■ **EXERCISE GOAL**
Return the whole listing exactly, omitting the pictures.

■ **GIVEN DATA**
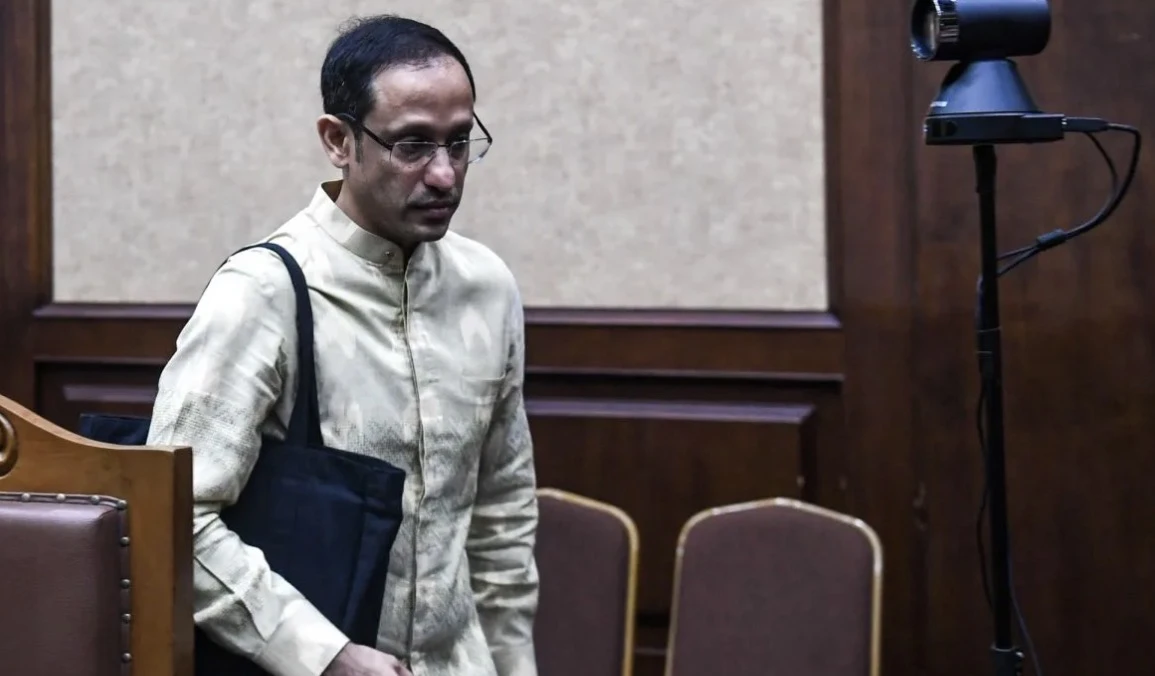 JPU Kukuh Tuntut Nadiem Makarim 18 Tahun Penjara dalam Kasus Chromebook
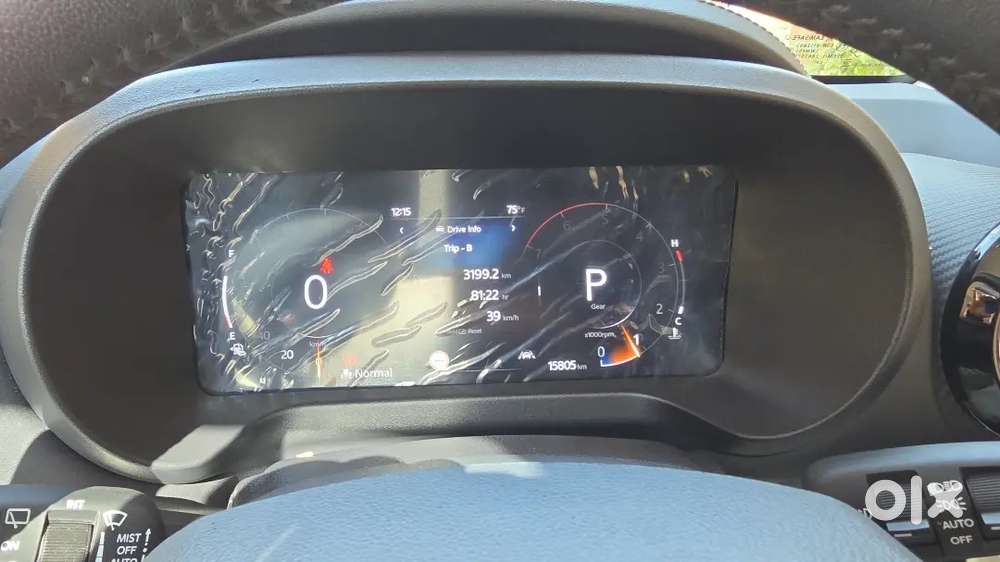 Almost New Thar Roxx Top Model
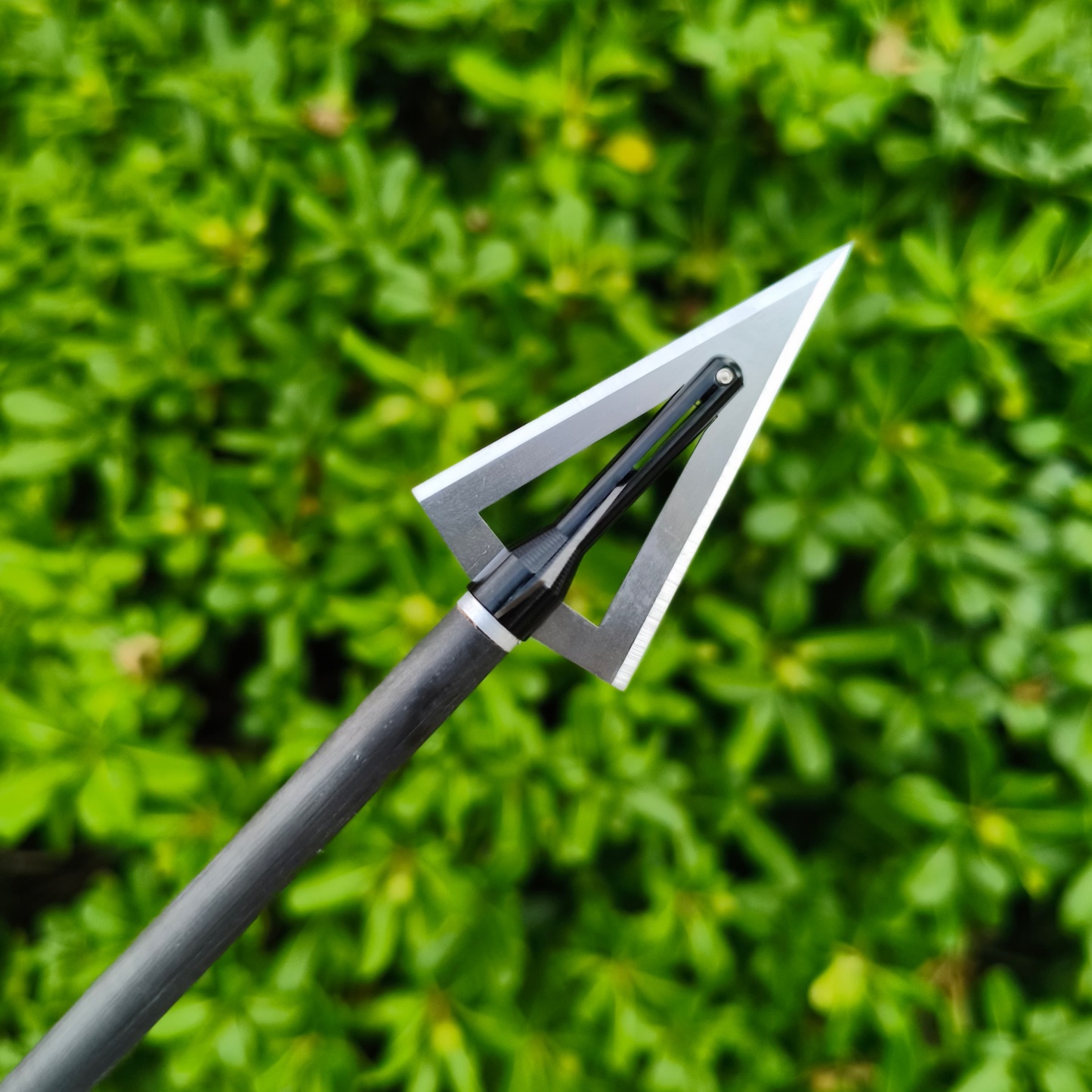 6/12X Blade Archery Arrowhead 120grain Screw Tips Hunting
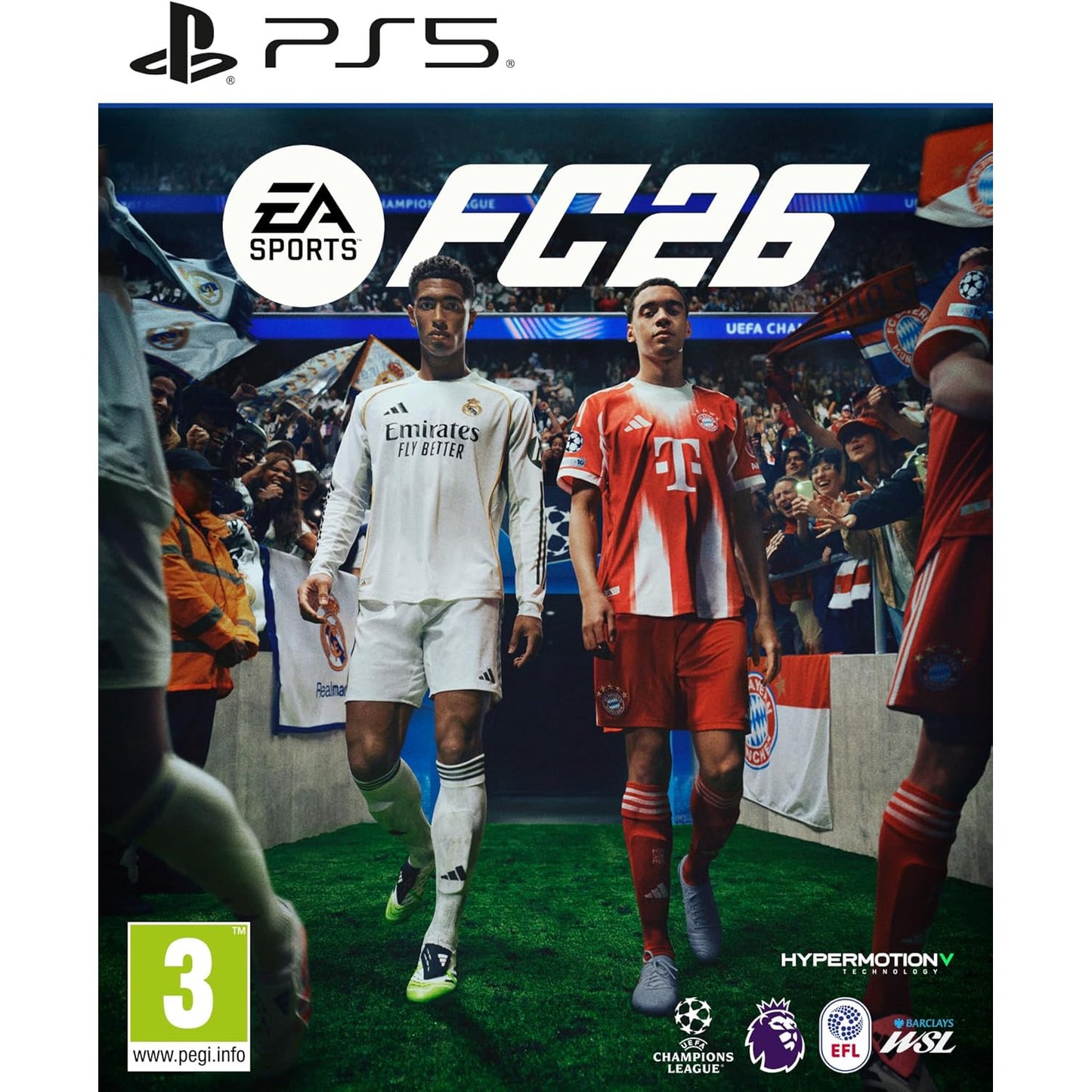 EA Sports FC 26 (PS5) - GameShop Asia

■ **TASK OUTPUT**
 JPU Kukuh Tuntut Nadiem Makarim 18 Tahun Penjara dalam Kasus Chromebook
 Almost New Thar Roxx Top Model
 6/12X Blade Archery Arrowhead 120grain Screw Tips Hunting
 EA Sports FC 26 (PS5) - GameShop Asia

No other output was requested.